Quête d’industrialisation : la transition énergétique au centre des intérêts

Madagascar est toujours en quête d’industrialisation. Plus que jamais, la transition énergétique se trouve au centre des intérêts. Le ministre de l’Énergie et des Hydrocarbures, Olivier Jean Baptiste, a mis en lumière, au cours d’un panel tenu dans le cadre de la Semaine de l’industrialisation de la SADC, les défis majeurs auxquels Madagascar fait face dans le secteur énergétique.

Le ministre de l’Énergie et des Hydrocarbures, Olivier Jean Baptiste, a rappelé que, tout comme dans la plupart des pays membres de la SADC et même à l’échelle africaine, l’enjeu principal reste l’accès à l’électricité, qui demeure limité. Alors que la moyenne africaine est estimée à 45%, Madagascar n’atteint encore que 35%, et ce taux chute à 15% en milieu rural. Selon lui, l’augmentation de l’accès à l’électricité, tant pour la population que pour les entreprises, constitue la priorité des autorités malgaches.

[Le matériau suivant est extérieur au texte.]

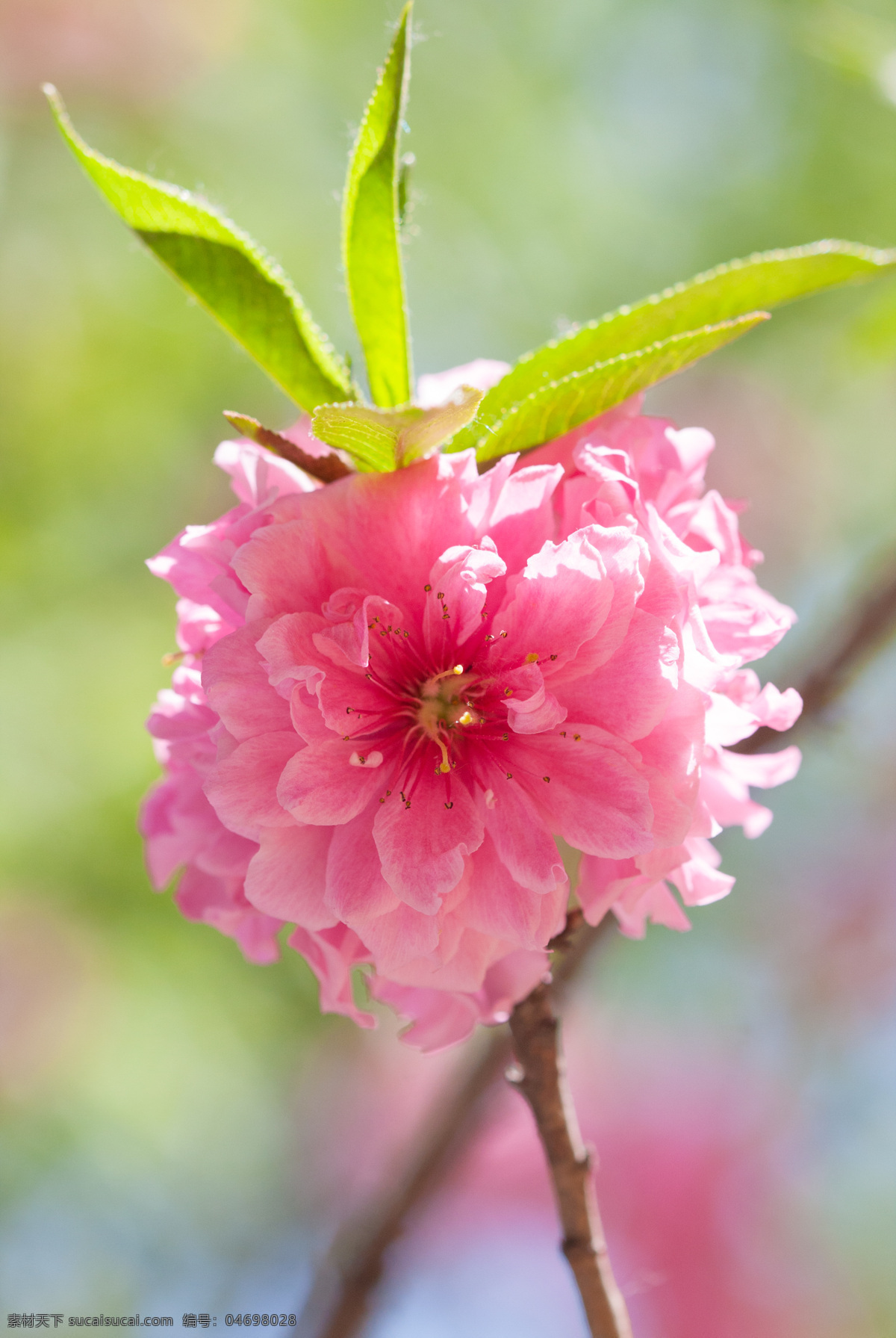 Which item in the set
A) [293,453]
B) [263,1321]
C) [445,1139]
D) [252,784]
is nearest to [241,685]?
[252,784]

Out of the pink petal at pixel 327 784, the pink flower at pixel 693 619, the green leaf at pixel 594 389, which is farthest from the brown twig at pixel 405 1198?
the green leaf at pixel 594 389

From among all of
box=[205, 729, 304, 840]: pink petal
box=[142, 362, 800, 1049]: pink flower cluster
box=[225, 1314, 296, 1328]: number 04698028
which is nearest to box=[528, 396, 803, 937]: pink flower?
box=[142, 362, 800, 1049]: pink flower cluster

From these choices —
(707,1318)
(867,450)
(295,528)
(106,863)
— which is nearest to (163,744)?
(295,528)

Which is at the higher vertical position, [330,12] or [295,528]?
[330,12]

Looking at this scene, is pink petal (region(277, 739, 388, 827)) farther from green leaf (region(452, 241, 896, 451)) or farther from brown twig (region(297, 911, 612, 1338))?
brown twig (region(297, 911, 612, 1338))

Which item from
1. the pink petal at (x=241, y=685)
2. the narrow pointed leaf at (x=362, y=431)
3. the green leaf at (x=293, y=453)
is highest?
the green leaf at (x=293, y=453)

Le ministre a également souligné l’importance de la transition énergétique dans le processus d’industrialisation et de développe- ment du pays. Cette transition, a-t-il précisé, doit se faire en tenant compte des impératifs liés au changement climatique et à la préservation de la biodiversité, tout en valorisant les ressources naturelles.

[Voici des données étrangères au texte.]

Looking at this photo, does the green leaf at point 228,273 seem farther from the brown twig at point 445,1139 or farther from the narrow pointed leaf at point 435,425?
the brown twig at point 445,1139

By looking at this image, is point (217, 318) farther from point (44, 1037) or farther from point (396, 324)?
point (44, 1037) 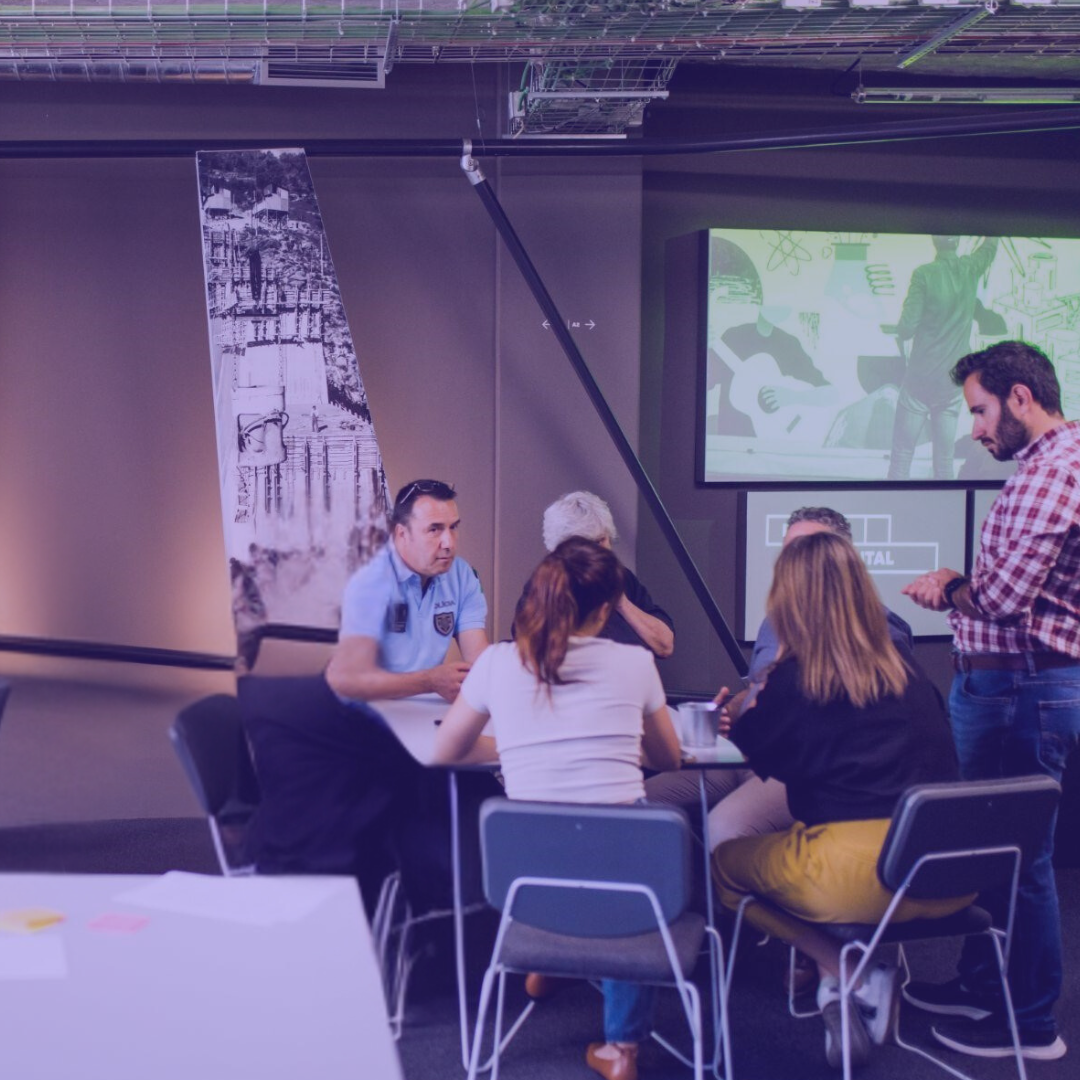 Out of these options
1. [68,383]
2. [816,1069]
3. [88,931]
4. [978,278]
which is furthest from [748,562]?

Sur le plan technique, Olivier Jean Baptiste a rappelé que la puissance installée actuelle à Madagascar n’est que de 800 mégawatts, ce qui reste très insuffisant face aux besoins croissants de la population et des industries. L’objectif est de porter cette capacité à 2.000 mégawatts dans les prochaines années, soit près de quatre fois plus qu’aujourd’hui. Il a également relevé l’ancienneté des installations, l’obsolescence des lignes de transport, la saturation du réseau ainsi que les pertes techniques et commerciales trop élevées.

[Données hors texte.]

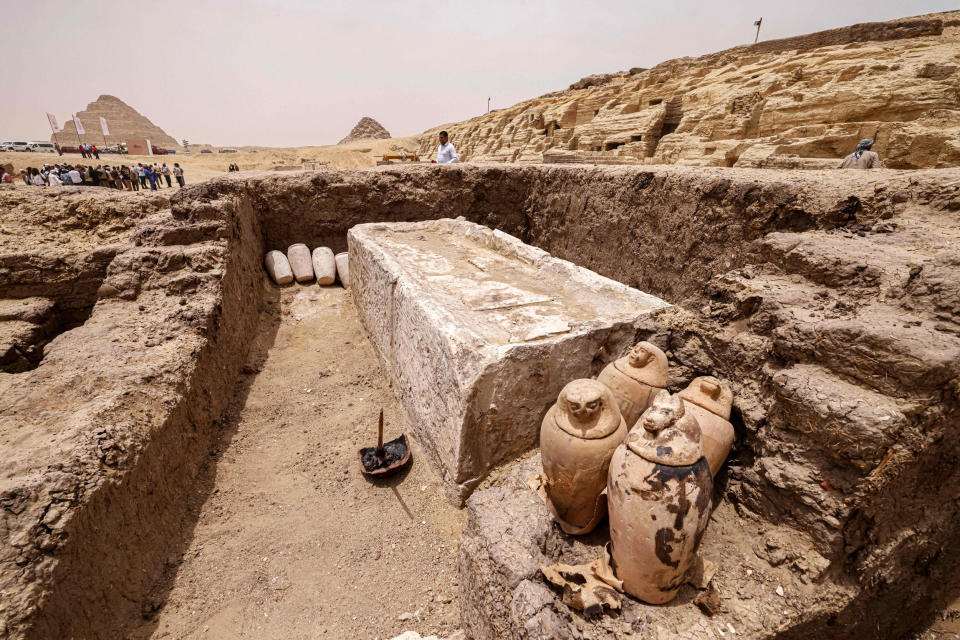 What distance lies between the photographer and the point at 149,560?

Le ministre a par ailleurs indiqué que 65% de l’électricité produite dans le pays provient encore de centrales thermiques. Le gouvernement ambitionne cependant d’inverser cette tendance et de porter la part des énergies renouvelables à 70% voire 80%. Madagascar dispose en effet d’un potentiel hydroélectrique estimé à 7 800 mégawatts, dont seulement 500 sont exploités actuellement. Plusieurs projets structurants sont en cours, tels que la centrale de Volobe (120 MW), une centrale de près de 200 MW sur la RN7, ainsi que d’autres installations de 64 MW et 140 MW destinées à renforcer le réseau interconnecté de la capitale.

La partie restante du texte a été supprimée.